LTMOM remains an SAP GUI transaction, and it is not deprecated: it is the cockpit’s official modeling tool, including for projects created in the Fiori app. You open your project in it, and you can modify a standard object, add fields to it, adjust the mapping rules, or model a fully custom object. Since 2025 FPS0, CSV templates can also be downloaded directly from LTMOM.
The topic deserves an article of its own, and it has one: our complete LTMOM guide details the four-phase modeling workflow, from copying a standard object to mapping custom fields.
What changed in 2025 and best practices for your next migrations
The tool keeps evolving every year, and the 2025 releases brought two changes worth knowing: grouped display of validation errors in staging, which drastically shortens correction cycles, and staging tables as intermediate storage for direct transfer, which opens a control point on the extracted data before injection.
Beyond the new features, a few practices make the difference between a controlled migration and a cutover that slips:
- Set the Mass Transfer ID convention before creating the first project, and align quality and production from the start.
- Treat each migration object as a mini-project: template, test data set, simulation, business validation, and only then the full volume.
- Measure the real data volume early: it drives the choice between filling staging tables by file and writing into them directly.
- Rehearse the cutover at least once with production volumes: load times are part of the go-live schedule.
- Document the mappings in LTMOM as you go: it is your only traceability the day the migration gets audited.
Data migration remains one of the most underestimated workstreams of an S/4HANA project. The tooling, on the other hand, has matured: Migrate Your Data now does cleanly what LTMC promised, provided you work with the current approaches rather than the reflexes of 2019. The logical next step if this applies to you: our LTMOM guide, for the day the standard is no longer enough.
FAQ: your questions about SAP LTMC and Migrate Your Data
Does the LTMC transaction still exist in S/4HANA?
Yes, but read-only. Since S/4HANA 2021, the LTMC transaction only lets you display existing migration projects. Creating new projects is no longer possible: that goes through the Migrate Your Data Fiori app.
What replaced LTMC in SAP S/4HANA?
The Migrate Your Data Fiori app, officially named Migrate Your Data – Migration Cockpit. It carries over the project and migration object concept from LTMC with two approaches: staging tables and direct transfer. It has been the standard tool since S/4HANA 2020 and S/4HANA Cloud 2008.
Can you import old LTMC projects into Migrate Your Data?
No.
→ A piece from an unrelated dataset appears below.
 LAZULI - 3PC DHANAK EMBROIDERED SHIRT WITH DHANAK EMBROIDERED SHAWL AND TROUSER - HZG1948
The internal formats of the two tools are incompatible and SAP provides no conversion tool. Old projects remain accessible in LTMC in display mode; to rerun them, you have to recreate the project in the Fiori app and manually carry over the custom mappings via LTMOM.
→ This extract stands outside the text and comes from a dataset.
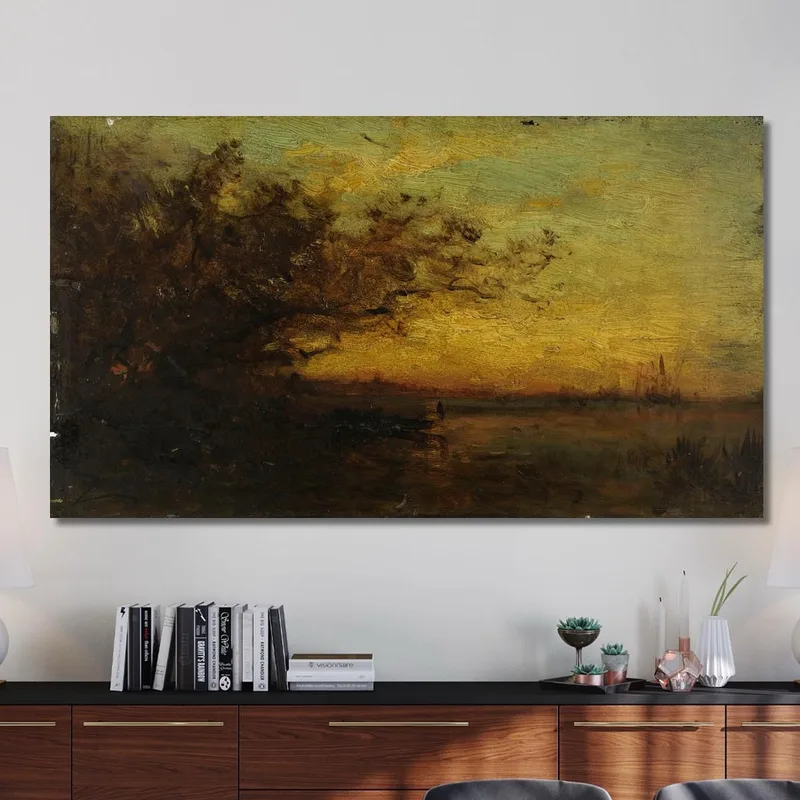 Espejo De Agua Al Atardecer. En El Reverso: Dos Estudios Félix Ziem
What is the difference between LTMC and LSMW?
LSMW is the historical data migration tool from the ECC era, based on transaction recording; LTMC and then Migrate Your Data are its S/4HANA successors, based on pre-modeled migration objects. LSMW is in restricted use in S/4HANA (SAP Note 2287723): its recording does not work on Fiori screens and it no longer receives any updates.
What is the Mass Transfer ID in an SAP migration?
It is the 3-character technical identifier of a migration project. It must be identical between the quality system and the production system so the project content can be transported from one environment to the other. Set a naming convention before creating the first project.
Do you still need LTMOM with the Migrate Your Data Fiori app?
Yes. LTMOM, the Migration Object Modeler, remains the official transaction for extending migration objects: adding custom fields, mapping rules, fully custom objects. It works with projects created in the Fiori app and, since 2025 FPS0, also lets you download the CSV templates.